Moffat
- Formerly: T.L. Moffat and Sons, Moffat Stove Company
- Type: Private company
- Industry: Home appliance
- Founded: 1892 Markdale, Ontario
- Founder: Thomas Lang Moffat
- Defunct: 1971
- Fate: Acquired
- Successor: GSW later the Canadian Appliance Manufacturing Company (Camco)
- Headquarters: Weston, Toronto, Canada
- Area served: Canada
- Products: Stoves and heaters

= Moffat (company) =

Stove company in Weston, Toronto

Moffat Stove Company was a Canadian stove manufacturer that was established in 1892 in Weston, Toronto, Ontario. It manufactured stoves and ranges that have been widely distributed across the continents and even used extensively in Europe and Asia.
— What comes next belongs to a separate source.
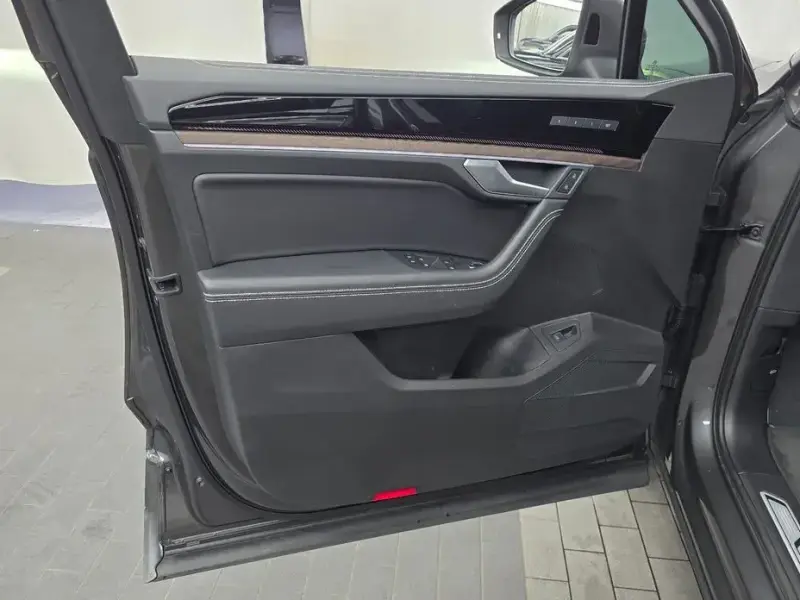 2024 Volkswagen Touareg с пробегом 26 649 км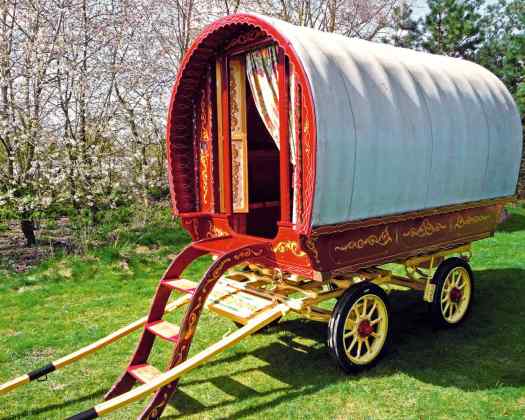 https---s3-eu-west-1.amazonaws.com-htsi-ez-prod-ez-images-8-8-8-2-1662888-1-eng-GB-02-P1060235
Moffat Stoves are credited with inventing the first electric ranges for the domestic market. And although the Moffat family sold the business in 1953, stoves and refrigerators continued to be built at the Weston plant until the early 1970s.

== History ==

=== Early years and growth ===
The company was started by Thomas Lang Moffat (born in Crossfire, Fife, Scotland in 1836) who emigrated to Canada with his family when he was 5 years old.  He started an iron and brass castings company in Dundas, Ontario with a Mr. McCallum. Eventually, he moved to Owen Sound where he got a job as a moulder at the firm of William Kennedy & Sons.  In 1882, he moved to Markdale, Ontario where he founded a general engineering and machine shop, T.L. Moffat and Sons.  They produced mill machinery, steam engines, pulleys, plows, mangles, and various ornamental castings in iron and brass.

Business was slow until the company was persuaded by a local hardware merchant that the future lay in stoves, so they turned their energies to this end, producing their first stove, the "Ploughboy" (which a picture of a man with a plough cast into the door). Soon afterward they set up a long-standing factory in Weston, Ontario, from where their manufactured stoves and ranges became widely distributed across the continents and even used extensively in Europe and Asia.

In 1907, T.L. Moffat died, and his eldest son, John King Moffat, took the company reins for the next 23 years. His sister Agnes, who was born in 1905, studied medicine and subsequently became Peterborough's newest female doctor.  Her family was apparently not happy with her choice of vocation.

Frederick W. Moffat, son of the founder and brother of John King, was credited with at least 3 patents for stove construction, including a patent for an electric heating element in 1916, and other patents in 1920 and 1924.

=== Sale of the company and legacy ===
In 1927, five companies (McClary Manufacturing Company, London, Ontario; Sheet Metal Products Company of Canada Limited, Toronto; Thomas Davidson Manufacturing Company Limited, Montreal; E. T. Wright Limited, Hamilton, Ontario; and A. Aubry et fils Limitée, Montreal) merged to form General Steel Wares (GSW) Limited. They acquired the Happy Thought Foundry Company of Brantford, Ontario in 1920, followed by the Easy Washing Machine Company in 1958.  In 1962, Beatty Brothers Limited of Fergus, Ontario acquired a controlling interest in GSW through a reverse take-over, merging the two large firms.

Under the leadership of Ralph Barford, GSW acquired the Moffat Company in 1971, making GSW the only Canadian-owned, full-line appliance company. The Moffat acquisition, probably Barford's largest, brought GSW into the big six full-line appliance makers. The other five, all foreign controlled, were Admiral, GE, Inglis, White, and Westinghouse.

GSW merged with General Electric Canada in 1977 to become the Canadian Appliance Manufacturing Company (Camco), making it the largest major appliance manufacturer in Canada. The same year the company acquired the major appliance operations of Westinghouse Canada, exclusive of the "Westinghouse" name.  Those products were re-branded as "Hotpoint" and sold alongside the GE, Moffat and McClary brands. Under Camco, stoves and refrigerators continued to be built at the Weston plant until 1983 when production moved to Hamilton, Ontario and then off-shore.